A1:皆さんが生活で使用する電気は通常、電力会社より供給を受けて使用していますが、この発電機は電力会社を介せずに、電気を作り供給することができます。
Q2:なぜ小学校に発電機が必要か?
A2:地震等の災害時に小学校体育館が避難場所として、指定されているためです。
Q3:発電機を設置することで、どんな利点があるか?
A3:災害時には電力会社からの供給が断たれ、停電状態となることが想定されますが、発電機を設置することで、体育館の照明器具やコンセント等が使用できるようになります。
Q4:発電機はどの程度、連続運転できるのか?
A4:今回、設置した発電機は燃料タンク満タン(62リットル)で約20時間連続運転ができます。また、燃料は灯油のため、一般家庭でも冬季に備えて保管されていることがあるため、災害時に持ち寄って、使用することもできます。
こちらの写真が、実際の工事完成写真になります。
1.【発電機本体】(左:外観 右:操作部)
発電機本体の周囲にはフェンスを設けているため、平時は入れないようになっています。また、児童が近くで遊んでいてもボール等が上面から入らないようにする等の工夫も行っています。写真右側は発電機の操作部分となります。操作する箇所、順番が表示されているので、どなたでも容易に操作できるようになっています。
2.【ケーブル収納箱】(左:外観 右:内観)
発電機近傍の体育館外壁等に取付ける鋼板製の箱になります。箱内は右側の写真のように発電機本体と接続するためのケーブルを巻き取って、収納しておく役割があります。災害時にはここからケーブルを取出し、発電機本体のコネクタと接続します。
3.【切替盤】(左:外観 右:内観)
通常は電力会社から、供給される電気(商用電源)を使用していますが、箱内のレバーを操作することで、電気の供給元を発電機(非常用電源)へと切り替えることができます。切替盤の表面には、「商用」と「非常用」の表示灯が付けられており、電気の供給状況について、確認することができます。
4.【電灯分電盤】(左:外観 右:内観)
体育館内の照明器具やコンセント等のブレーカーが盤内に納められています。発電機による電気の供給時は、体育内の使用できる照明器具やコンセント等に制限があるため、写真右側のように使用する箇所にシールを貼り付けて表示をしています。これにより、災害時にどのブレーカーをONにすべきかが分かるようになっています。
5.【その他】(左:操作手順書 右:照明スイッチ)
これまで紹介した発電機本体、ケーブル収納箱、切替盤、電灯分電盤の各機器内に写真左の操作手順書を入れてあるので、操作が容易に行えるようになっています。
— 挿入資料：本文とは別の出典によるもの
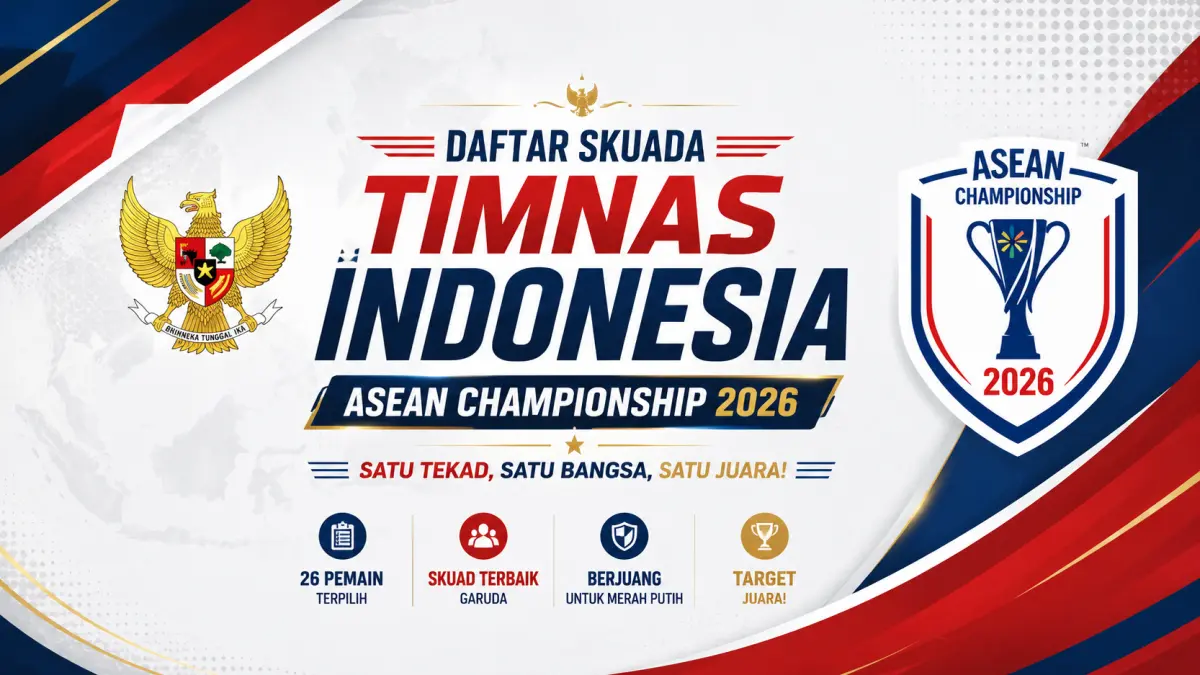 Pelatih John Herdman resmi umumkan daftar skuad Timnas Indonesia ASEAN Championship 2026. (ai/chatgpt)  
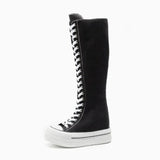 Funki Buys | Boots | Women's Knee High Platform Canvas Boots
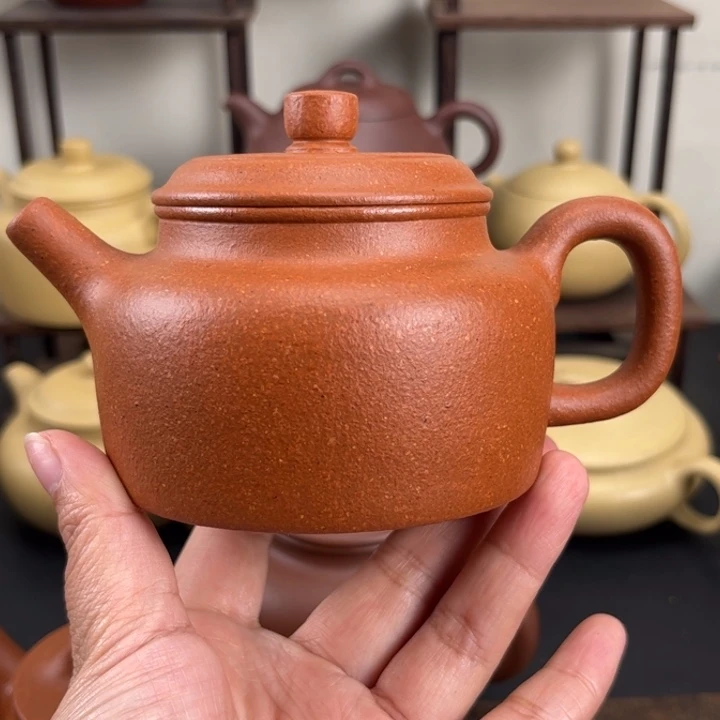 战***】紫砂茶壶全手工德钟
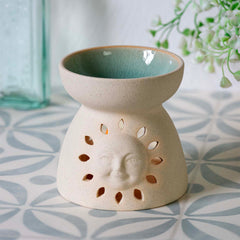 Sun Crystal Glaze Oil Burner-Incense Holders-Siesta Crafts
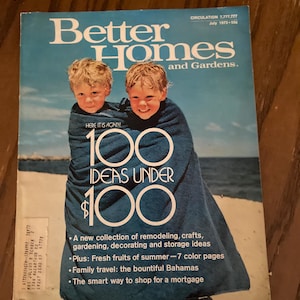 Vintage Magazine, Better Homes and Gardens, July 1973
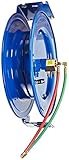 Coxreels SHWL-N-150 Spring-Driven Gas Welding Hose Reel, 1/4" Hose ID, 50 Foot Length [並行輸入品]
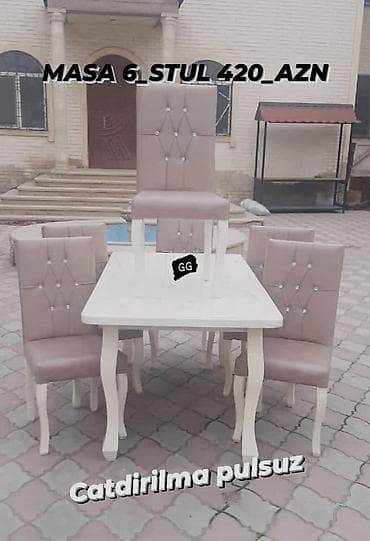 Sifarisle Masa desti 420_azn.Masanin olcusu 1.60×90×2.Reng secimi — 3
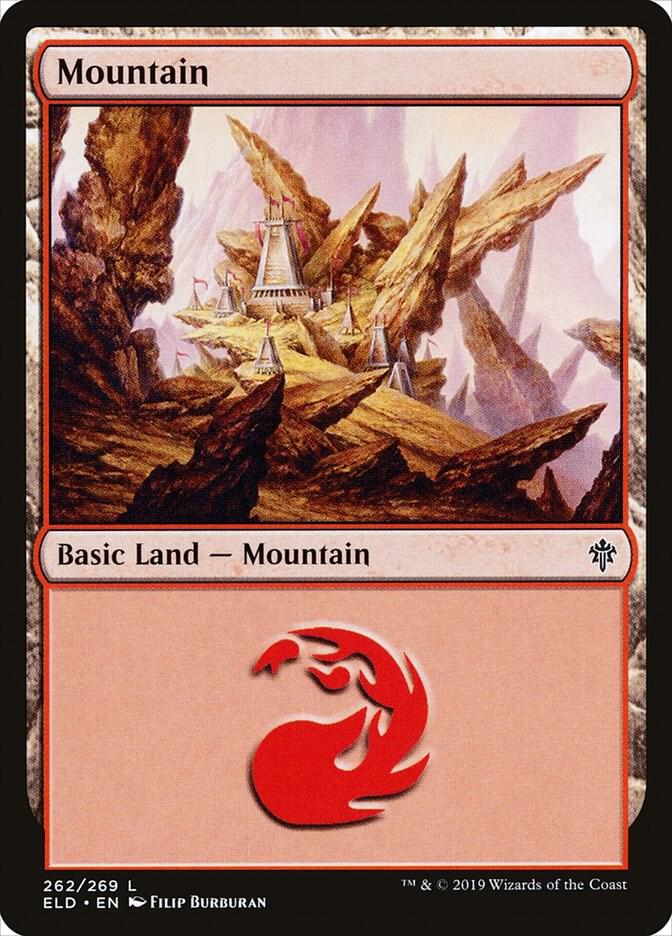 Mountain 262/269 (Throne of Eldraine)  - Foil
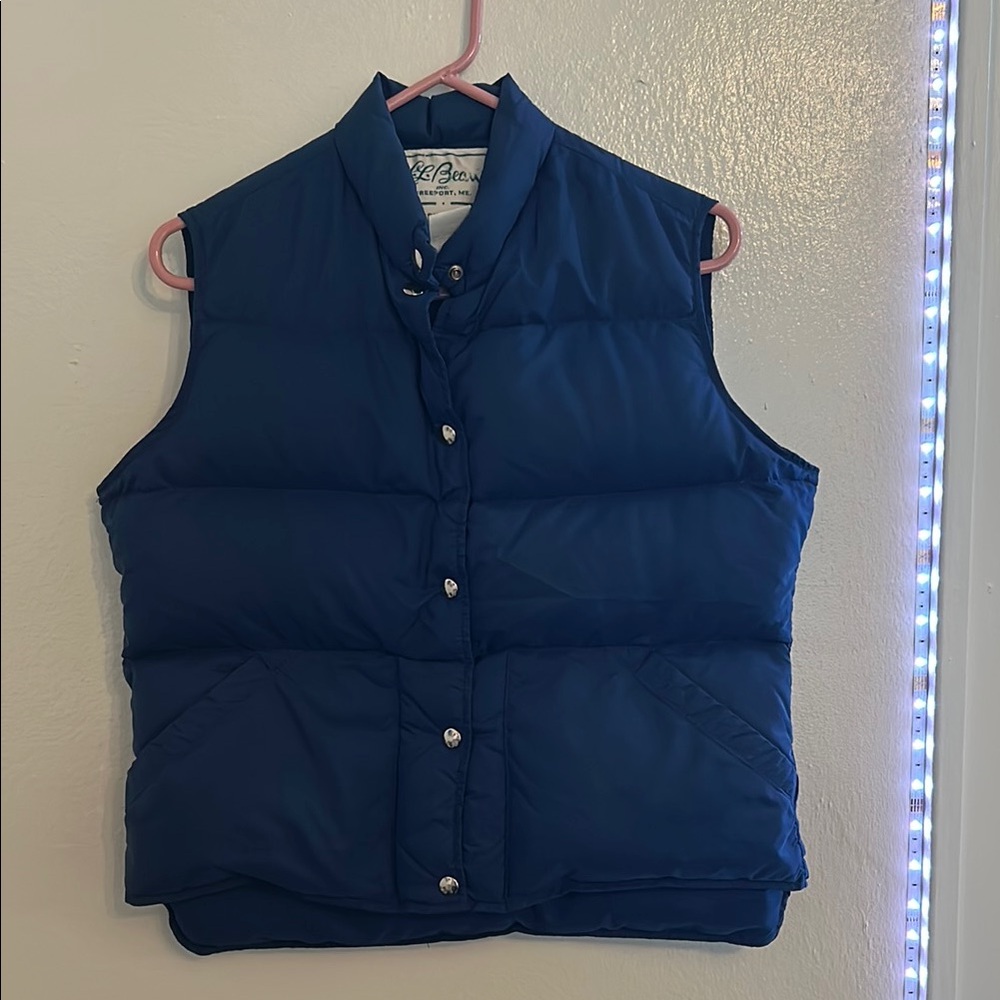 L.L. Bean Insulated Blue Vest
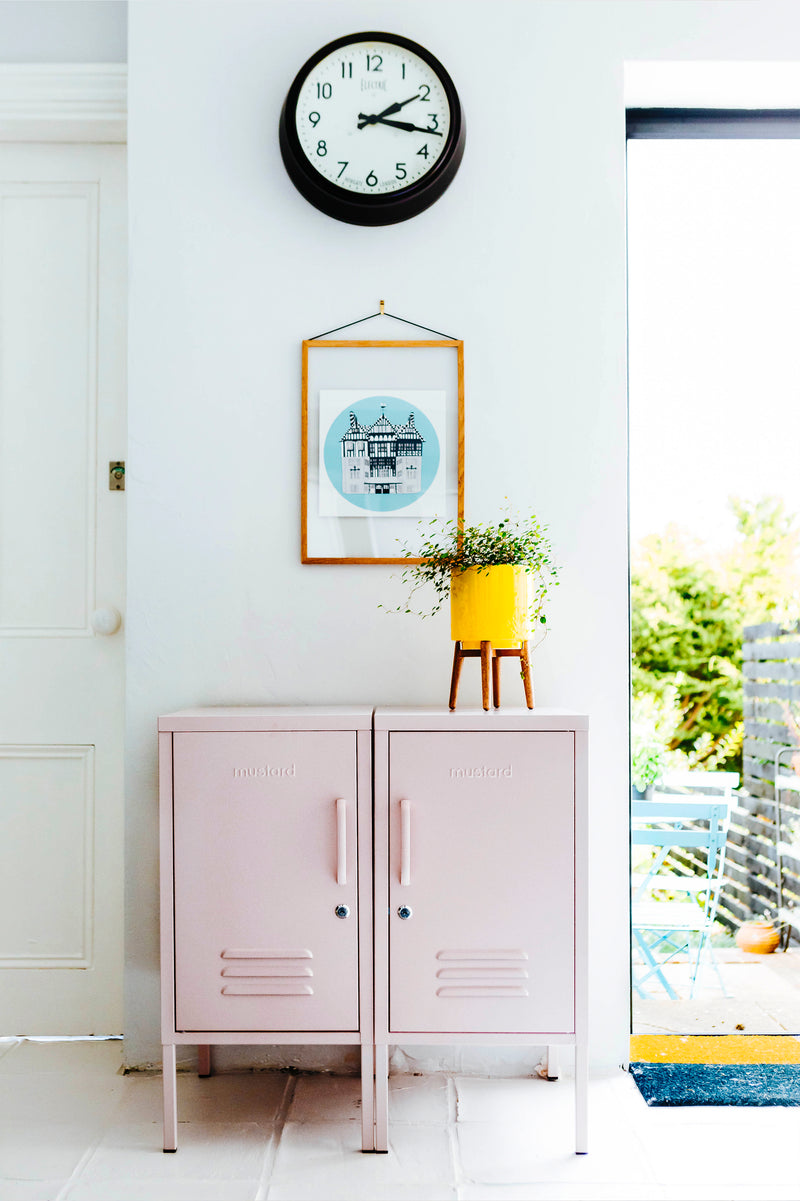 SIDE TABLE | BEDSIDE | shorty design in blush by mustard made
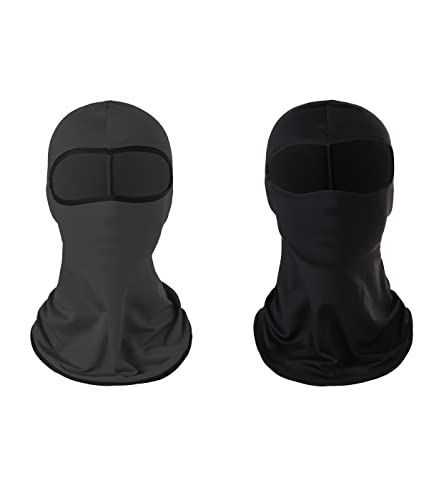 2 Pezzi Maschera di Passamontagna, Sci Balaclava Moto Maschera Morbido e Traspirante Unisex Tessuto Elastico Antivento...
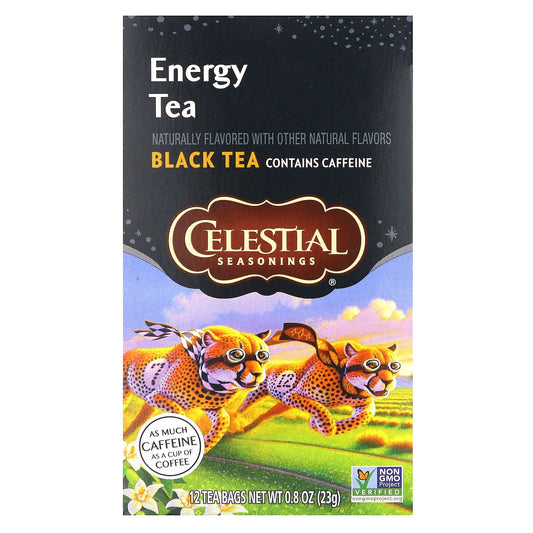 Boost Your Energy with Celestial Seasonings Black Tea - Image 1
また、写真右のように体育館内のどの照明が点灯し、それに対応するスイッチがどの箇所かが、赤丸のシールで表示しています。
今回の設計・工事監理業務を通して、災害時の備えやそれに付随する設備についての重要性を再認識することができました。
地震等の自然災害を人が完全に防ぐことは不可能です。
しかしながら、災害による電力供給のストップ等の被害を技術的に減らすことは可能です。
このように、私達の設計業務が様々な観点から社会に貢献していると考えています。
以上、発電機設備の業務事例のご紹介でした。